Defensoria Pública pode atuar para réu e vítima em feminicídio, decide STJ, desde que profissionais sejam distintos e haja ausência de advogado particular
A atuação simultânea da Defensoria Pública em polos opostos do processo penal, desde que realizada por defensores distintos e autônomos, não configura conflito institucional, mesmo em casos de feminicídio submetidos ao júri.
O Superior Tribunal de Justiça (STJ) fixou entendimento de que a Defensoria Pública pode prestar assistência jurídica tanto à vítima quanto ao réu em processos de feminicídio, inclusive perante o tribunal do júri, desde que sejam designados profissionais distintos e haja ausência de advogado constituído pela vítima. A decisão reforça a obrigatoriedade da assistência qualificada prevista na Lei Maria da Penha (Lei nº 11.340/2006), mesmo em crimes julgados pelo júri popular.
O cerne da controvérsia foi levantado em recurso especial interposto pelo Ministério Público do Estado do Rio de Janeiro (MPRJ), que contestava a atuação da Defensoria Pública como assistente da acusação em nome da mãe, do irmão e do filho da vítima de feminicídio, todos reconhecidos judicialmente como vítimas indiretas. O MPRJ sustentava que tal designação violaria o princípio da imparcialidade institucional, já que a própria Defensoria atuava também na defesa do acusado no mesmo processo.
O relator, Ministro Joel Ilan Paciornik, rejeitou a alegação de impedimento. Segundo ele, a independência funcional dos defensores públicos, prevista no §6º do artigo 4º da Lei Complementar nº 80/1994, permite que profissionais distintos atuem em lados opostos, sem configurar conflito ético ou institucional. O ministro comparou a situação à atuação de advogados privados da mesma seccional da OAB, que podem representar partes com interesses contrapostos no mesmo processo, desde que sejam profissionais diferentes.

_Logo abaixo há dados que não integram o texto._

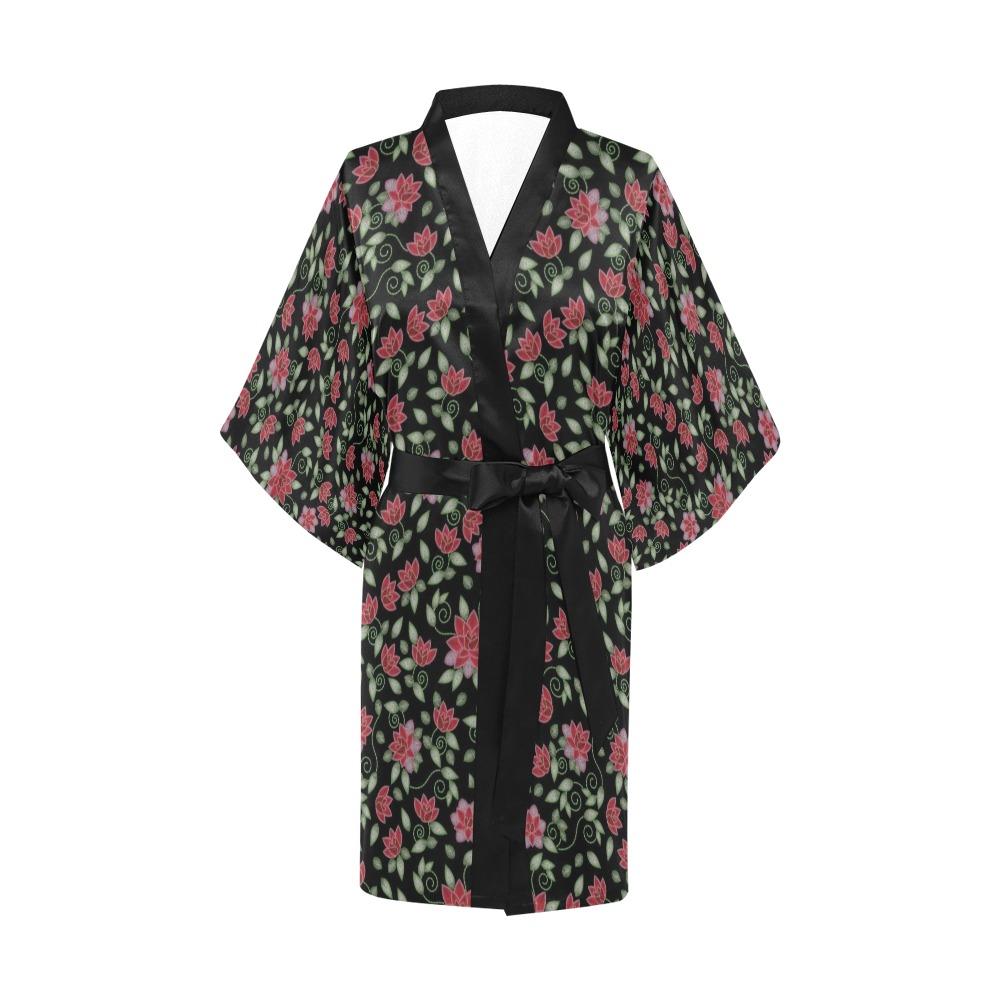 Red Beaded Rose Kimono Robe Artsadd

Paciornik também destacou que os artigos 27 e 28 da Lei Maria da Penha impõem ao Estado o dever de oferecer assistência jurídica integral e humanizada às mulheres vítimas de violência doméstica, obrigação que se estende às suas famílias nos casos de feminicídio. Para o ministro, essa assistência deve ocorrer “em todos os atos processuais, cíveis e criminais”, o que inclui o tribunal do júri, sendo compatível com a atuação da Defensoria, salvo manifestação expressa da vítima pela contratação de advogado particular.
A Quinta Turma do STJ considerou legítima a nomeação automática da Defensoria como assistente da acusação, em caráter provisório, como forma de assegurar a proteção dos direitos da vítima enquanto não houver constituição de advogado particular.
Por estar sob segredo judicial, o número do processo não foi divulgado.